§ PROBLEM TO SOLVE
Could you report every line from the entries that includes the word "covered"?

§ AVAILABLE DATA

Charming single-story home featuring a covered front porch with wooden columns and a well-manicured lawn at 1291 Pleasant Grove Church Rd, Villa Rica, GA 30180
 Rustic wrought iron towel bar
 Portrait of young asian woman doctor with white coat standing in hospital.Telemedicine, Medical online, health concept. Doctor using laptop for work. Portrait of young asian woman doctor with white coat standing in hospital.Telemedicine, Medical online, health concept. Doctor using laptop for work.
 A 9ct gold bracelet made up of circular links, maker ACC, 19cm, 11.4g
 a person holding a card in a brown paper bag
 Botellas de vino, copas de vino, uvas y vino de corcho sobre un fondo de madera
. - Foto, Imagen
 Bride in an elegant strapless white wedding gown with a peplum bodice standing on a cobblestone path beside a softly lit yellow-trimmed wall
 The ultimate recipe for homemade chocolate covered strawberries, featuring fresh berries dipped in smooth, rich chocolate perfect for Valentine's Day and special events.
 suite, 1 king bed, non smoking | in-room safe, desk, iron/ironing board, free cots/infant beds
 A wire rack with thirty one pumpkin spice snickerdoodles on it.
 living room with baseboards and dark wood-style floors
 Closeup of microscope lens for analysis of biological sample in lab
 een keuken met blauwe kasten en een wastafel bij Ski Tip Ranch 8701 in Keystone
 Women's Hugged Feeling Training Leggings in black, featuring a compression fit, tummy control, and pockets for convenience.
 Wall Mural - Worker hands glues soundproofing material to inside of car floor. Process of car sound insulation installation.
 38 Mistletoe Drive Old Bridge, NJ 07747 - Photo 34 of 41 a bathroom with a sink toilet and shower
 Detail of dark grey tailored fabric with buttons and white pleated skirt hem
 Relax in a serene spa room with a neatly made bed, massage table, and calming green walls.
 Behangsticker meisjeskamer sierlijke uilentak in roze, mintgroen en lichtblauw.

§ EXERCISE RESPONSE
Charming single-story home featuring a covered front porch with wooden columns and a well-manicured lawn at 1291 Pleasant Grove Church Rd, Villa Rica, GA 30180
 The ultimate recipe for homemade chocolate covered strawberries, featuring fresh berries dipped in smooth, rich chocolate perfect for Valentine's Day and special events.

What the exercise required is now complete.